Welcome to the forum @pedro

How do users “start a CryoSPARC session”? Do users start a CryoSPARC (master) instance on the compute node?

pedro · June 21, 2025, 6:53am

Initially, users could only log into the so-called “login nodes” where they could start CryoSPARC on a terminal with “cryosparc start” and they could submit jobs to the SLURM queue, but they didn’t have access to GPUs on the login nodes and also they shouldn’t run expensive jobs as others used these nodes only to connect to the cluster.

Now, we support Open onDemand (OoD), where users can connect to the compute nodes, and here they have access to Linux terminal, a graphical environment, CPU/GPUs, … Using an OoD session, one starts CryoSPARC as usual on a terminal and catch the session on a browser that runs on the compute node. In this case, it doesn’t make sense to Queue the job to an existing lane because the node where CryoSPARC is running already has GPUs. That’s why I wanted to see if there is any option to run CryoSPARC using local resources.

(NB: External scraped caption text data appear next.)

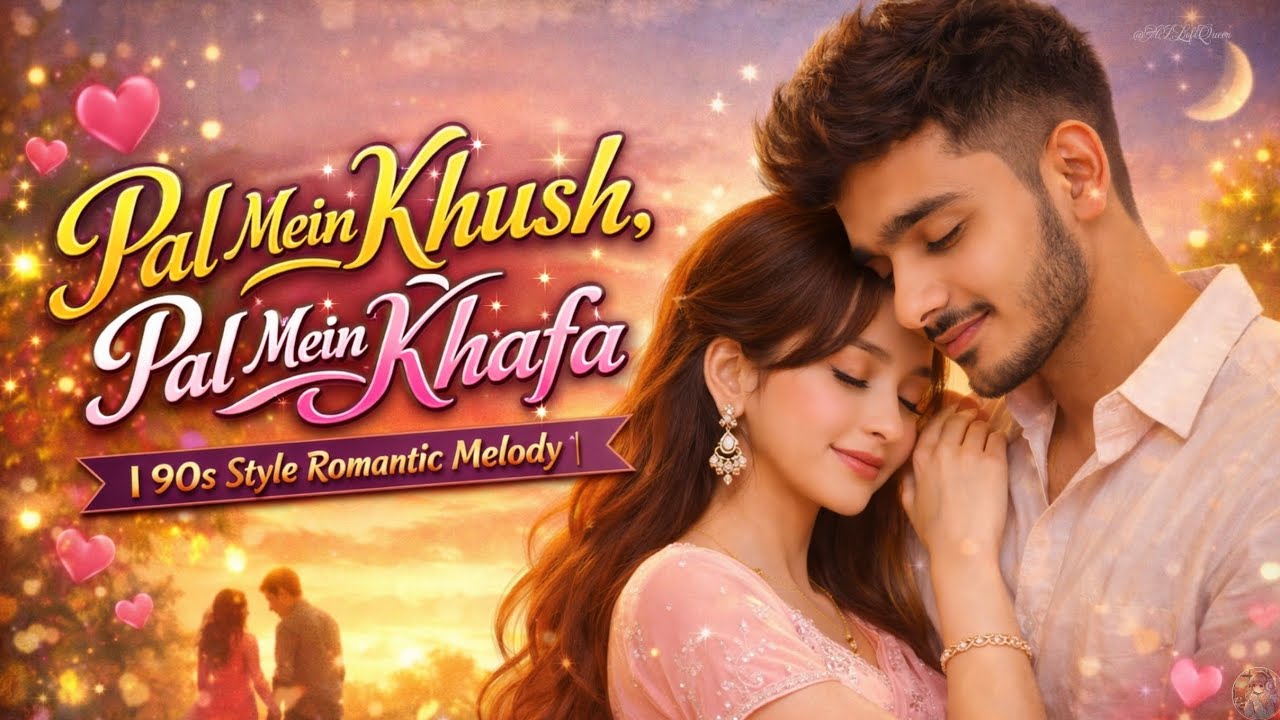 Pal Mein Khush, Pal Mein Khafa 💖 | 90s Style Romantic Melody | AI Lofi Queen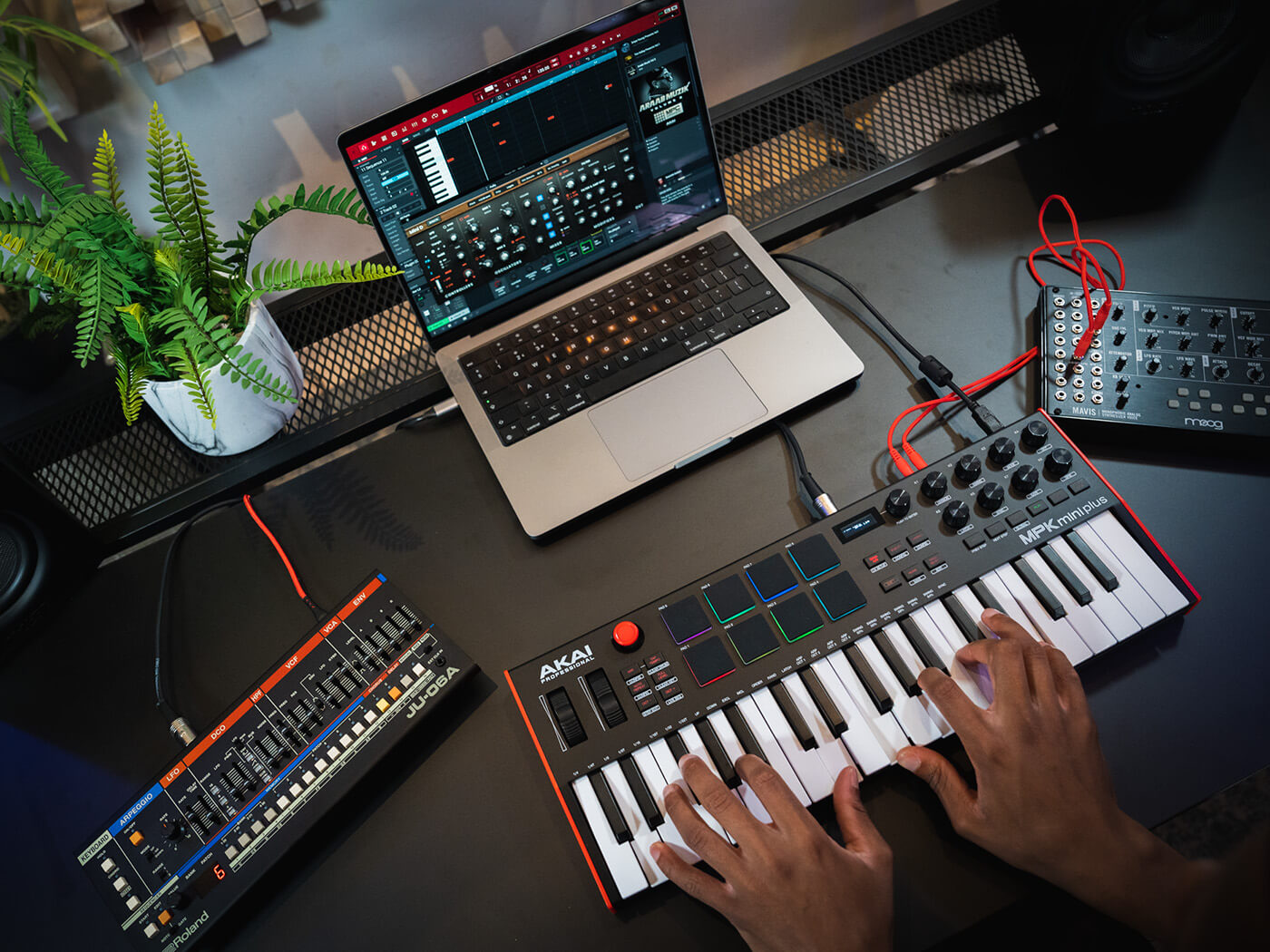 DTM・DAW AKAI Professional MPK mini LAPTOP AKAI MPK MINI 3 – Mini klawiatura sterująca | Audiostacja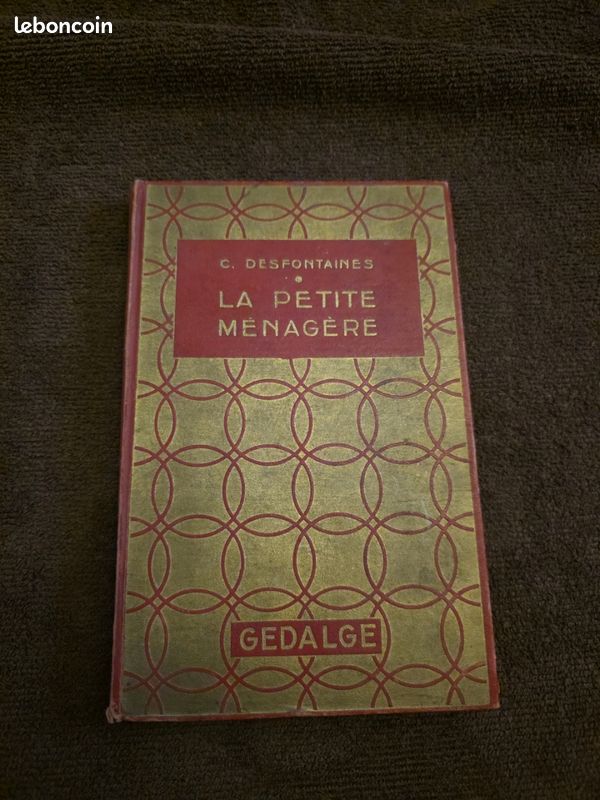 Ancien livre de prix la petite menagere par camille desfontaines gedalge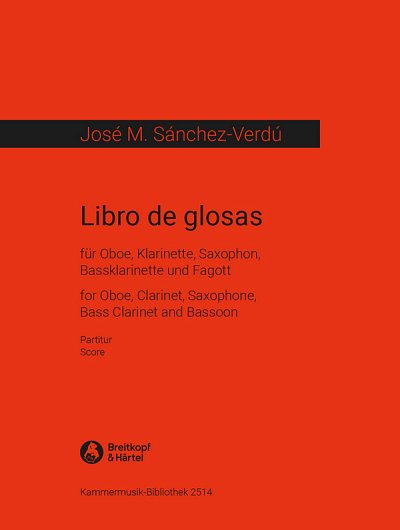 J.M. Sánchez-Verdú: Libro de glosas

BTW, I tried another thing besides the one I mentioned in my first post (running $CRYOSPARC … on the terminal). I created a lane called “lane_local” and used this option:

“send_cmd_tpl” : “bash {{ command }}”,

in the cluster_info.json file. Then, in the cluster_script.sh I only write these lines (no #SBATCH options):

#!/usr/bin/env bash
{{ run_cmd }}

Then, in the CryoSPARC GUI I submit the job with the button “Queue” using the “local” lane. Although the simulation starts running and I see some progress, it fails with the error:

Error occurred while processing J1/imported/014280599065487012748_14sep05c_c_00003gr_00014sq_00005hl_00002es.frames.tif
Traceback (most recent call last):
File “/cryosparc_worker/cryosparc_compute/jobs/pipeline.py”, line 59, in exec
return self.process(item)
File “cryosparc_master/cryosparc_compute/jobs/motioncorrection/run_patch.py”, line 402, in cryosparc_master.cryosparc_compute.jobs.motioncorrection.run_patch.run_patch_motion_correction_multi.motionworker.process
AssertionError: Job is not in running state - worker thread with PID 1559 terminating self.

Marking J1/imported/014280599065487012748_14sep05c_c_00003gr_00014sq_00005hl_00002es.frames.tif as incomplete and continuing…

/Pedro

wtempel · June 23, 2025, 6:06pm

@pedro Do I understand correctly that your targeted use case is similar to running a Single Workstation-type CryoSPARC instance as described here?